Implementing the Binary Memcached Protocol with OCaml and Bitstring

I’ve known OCaml for a while, but I never really put it to use outside of academic work back in university. After reading Real World Ocaml my excitement for Ocaml reappeared and I wanted to try out Core and Async. At the back of my mind, I also remembered bitstring, an awesome Ocaml library for creating and pattern matching on bitstrings. To cover all three, I decided to write a Memcached client using the binary protocol.

I’ll try to cover my experience in a number of blog posts. In this first post, I’ll be talking about using bitstring for parsing and constructing binary data for the Memcached protocol.

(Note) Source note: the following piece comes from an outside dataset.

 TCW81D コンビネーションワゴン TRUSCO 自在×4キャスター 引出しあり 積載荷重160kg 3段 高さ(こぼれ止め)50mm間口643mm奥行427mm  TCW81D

Constructing Requests and Parsing Responses

I started out by studying the Memcached binary protocol. The general format of a packet is a fixed size header followed by three optional variable size components (command-specific extras, the key and the value):

Byte/     0       |       1       |       2       |       3       |
   /              |               |               |               |
  |0 1 2 3 4 5 6 7|0 1 2 3 4 5 6 7|0 1 2 3 4 5 6 7|0 1 2 3 4 5 6 7|
 0/ HEADER                                                        /
  /                                                               /
  /                                                               /
  /                                                               /
24/ Command-specific extras (as needed)                           /
 +/  (note length in the extras length header field)              /
 m/ Key (as needed)                                               /
 +/  (note length in key length header field)                     /
 n/ Value (as needed)                                             /
 +/  (note length is total body length header field, minus        /
 +/   sum of the extras and key length body fields)               /

The header is almost similar for requests and responses and can be described in the following way:

Request header:

Byte/     0       |       1       |       2       |       3       |
   /              |               |               |               |
  |0 1 2 3 4 5 6 7|0 1 2 3 4 5 6 7|0 1 2 3 4 5 6 7|0 1 2 3 4 5 6 7|
 0| Magic         | Opcode        | Key length                    |
 4| Extras length | Data type     | Reserved                      |
 8| Total body length                                             |
12| Opaque                                                        |
16| CAS                                                           |
  |                                                               |
  Total 24 bytes

Response header:

Byte/     0       |       1       |       2       |       3       |
   /              |               |               |               |
  |0 1 2 3 4 5 6 7|0 1 2 3 4 5 6 7|0 1 2 3 4 5 6 7|0 1 2 3 4 5 6 7|
 0| Magic         | Opcode        | Key Length                    |
 4| Extras length | Data type     | Status                        |
 8| Total body length                                             |
12| Opaque                                                        |
16| CAS                                                           |
  |                                                               |
  Total 24 bytes

Let’s go through the header fields one by one:

As you can see, the only real difference between a request and a response header is that bytes 7-8 are reserved in the request header and used for status in the response header. Ignoring this difference, we can define a unified type for Memcached headers:

type header = {
  opcode:        int;   (* maps to Memcached commands, e.g. GET is 0 *)
  key_length:    int;   (* length of the key component *)
  extras_length: int;   (* length of the extras component *)
  status:        int;   (* should not be used in requests *)
  body_length:   int32; (* total length of the body *)
  opaque:        int32; (* is returned unmodified in the response *)
  cas:           int64; (* used for data version checking *)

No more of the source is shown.